大腸菌は、時間が経つと死んで便として排出されます。便の中の10~15%程度は大腸菌の死骸と言われています。また、便だけでなく、動物や人の便によって汚染された外部環境にも存在しています。
食品工場で大腸菌が検出されるかを調べるときは、調理従事者の定期的な検便検査や、培地での培養検査などで大腸菌が検出されないかどうかを調べます。
大腸菌群について
対して、大腸菌群とは腸内に常在する「乳糖を分解して酸とガスを発生させる菌」のことです。これらは土や空気など自然の中に広く分布している菌です。一般家庭の台所や、売っている野菜などからもほぼ検出され、糞便由来ではない菌も含まれています。
他にも大腸菌群は、エビフライやサーモンフライなどの原材料から検出されています。
これらの食品は、加熱後摂取食品に分類されています。そのため調理時の加熱をしっかりと行えば問題ありません。大腸菌群が加熱処理後の食品から検出された場合、加熱が不十分だったか、原材料を取り扱う際に使用するまな板や包丁、調理器具の菜箸やトングなどから手指を介した二次汚染が原因です。

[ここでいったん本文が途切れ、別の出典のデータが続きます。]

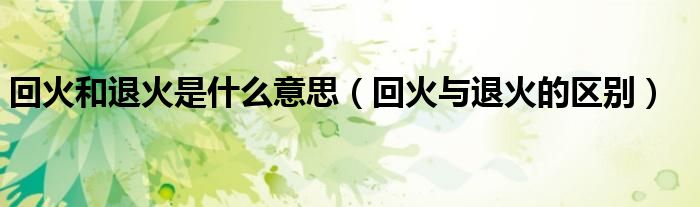 回火和退火是什么意思（回火与退火的区别）
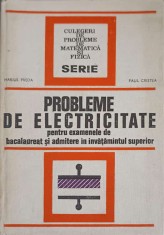 PROBLEME DE ELECTRICITATE PENTRU EXAMENELE DE BACALAUREAT SI ADMITERE IN INVATAMANTUL SUPERIOR-MARIUS PREDA-223446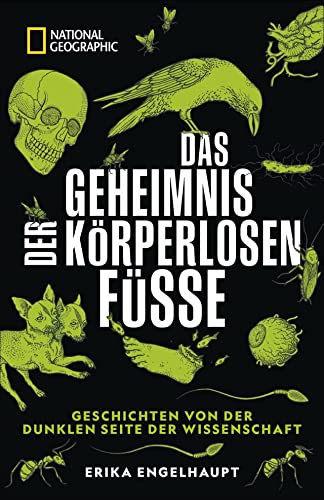 NATIONAL GEOGRAPHIC Wissen – Das Geheimnis der körperlosen Füße: Geschichten von der dunklen Seite der Wissenschaft. Überraschendes aus Biologie, Anatomie, Natur und Weltraumforschung.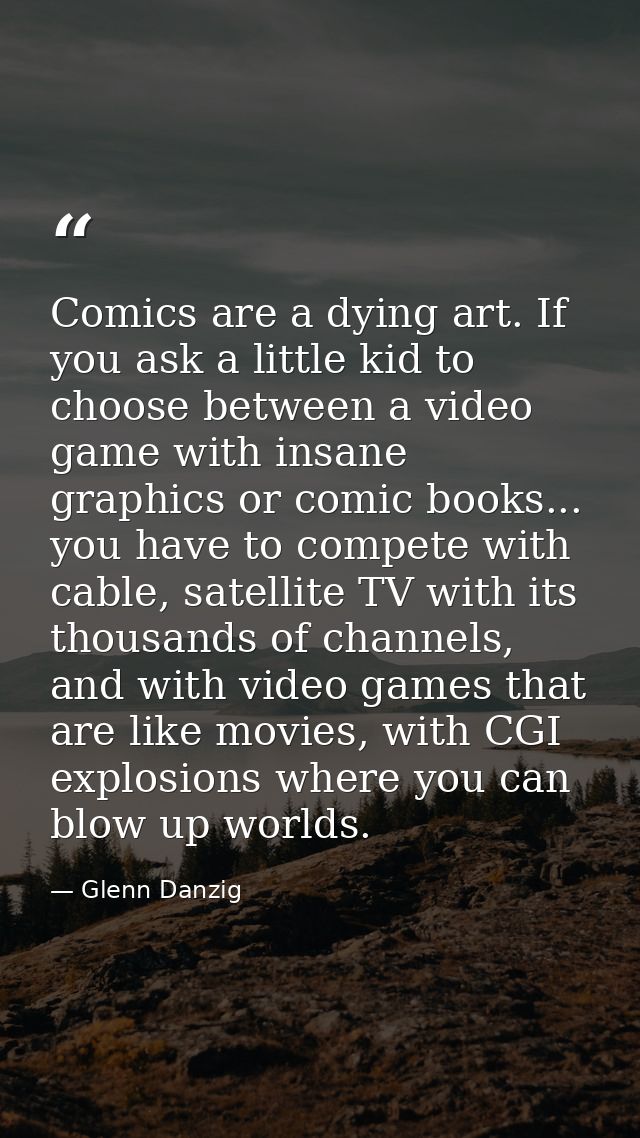 Comics are a dying art. If you ask a little kid to choose between a video game with insane graphics or comic books... yo — Glenn Danzig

熱に弱いという性質を持っている大腸菌群は、加熱していない食材から見つかることもあります。
加熱前の食材から見つかれば、衛生的に取り扱われていないという指標になりますし、加熱後の食材から見つかれば、工程に異常がなかったかを見直すことができます。

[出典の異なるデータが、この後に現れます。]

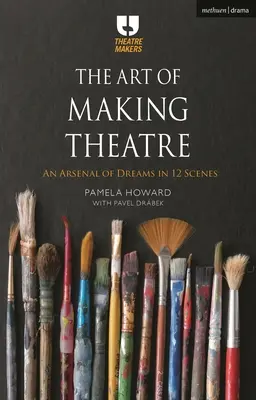 El arte de hacer teatro: Un arsenal de sueños en 12 escenas - The Art of Making Theatre: An Arsenal of Dreams in 12 Scenes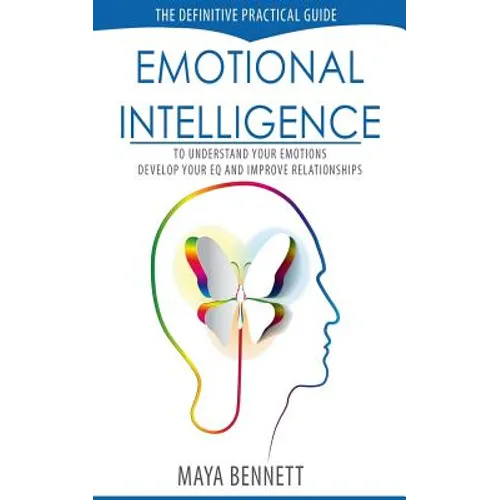 Emotional Intelligence: The Definitive Practical Guide to Understand Your Emotions, Develop Your EQ and Improve Your Relationships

大腸菌とは、大腸菌群の一種なのです。この大腸菌というカテゴリの中に「O-157」が含まれています。
大腸菌や大腸菌群の検査がなぜ大切か
大腸菌や大腸菌群は衛生指標菌と呼ばれています。
これは、衛生的に取り扱われているか否かの判断材料になるからです。特に食品や飲料水の安全性を確保するためには、定期的な検査と適切な対策が不可欠です。
■ 食中毒の原因を早期に発見し、防止できる
食品が衛生的に取り扱われていないことがあると、食中毒の原因となる細菌が食材を汚染している可能性が高くなり、食中毒のリスクが高まってしまいます。検査で食中毒を予防することができます。
■ 衛生状態の指標になる
先にも述べたように、大腸菌が検出されればほかの病原菌がある可能性があったり、大腸菌群は加熱不足などの問題がなかったかを確認したりできます。他にも大腸菌群は、数が多ければ衛生的に取り扱われていなかった可能性までも分かるため、改善措置へとつながります。
■ 水質検査では必須項目
飲料水や水道水の安全性を確保するためには、大腸菌群の検査が欠かせません。特に、災害時などの水質管理が難しい状況では、大腸菌群の検査が健康リスクを低減します。

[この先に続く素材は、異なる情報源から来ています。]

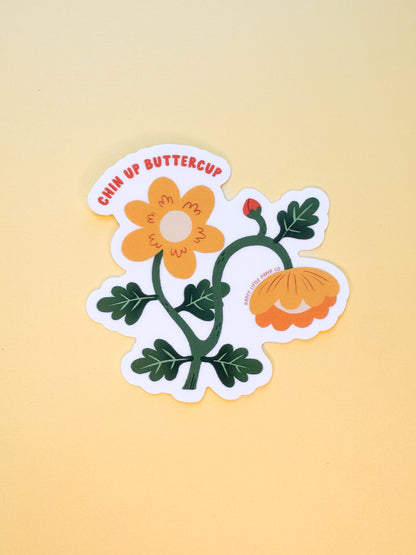 Vinyl Sticker-Chin Up Buttercup (Flower, Pun, Motivational, Affirmation)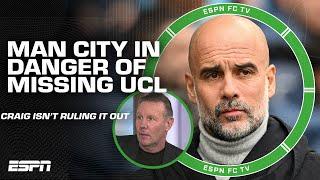 Manchester City to MISS the Champions League?!  'That COULD HAPPEN!' - Craig Burley | ESPN FC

また、これらの菌の検査は簡単で培養時間も短く、問題に素早く気づける(大腸菌群は18~22時間程度)ため、食品の微生物基準としてもよく見られます。
▼各食品の基準につきましては下記リンクをご覧ください。
食品別の規格基準 – 食品・検便・アスベスト分析・受託試験の食環境衛生研究所
多くの食品に対して大腸菌や大腸菌群についての検査が必要なのが分かりますね。
まとめ
いかがでしたか?大腸菌や大腸菌群はとても身近な菌であるということがお分かりいただけたかと思います。
これらの違いは階層の差であり、大腸菌群の中に大腸菌が含まれています。
大腸菌が検出されればほかの病原菌がある可能性が高くなり危険です。大腸菌群には害のない菌も含まれているため、検出されても不思議ではありませんが、注意が必要な菌です。
検査結果が出るのも早く、加熱不足や衛生状態の指標にもなるため、検査が必要な食品については検査をしっかりと行い、大腸菌と大腸菌群の違いを理解して、食中毒が起きないようにしていけるとよいですね。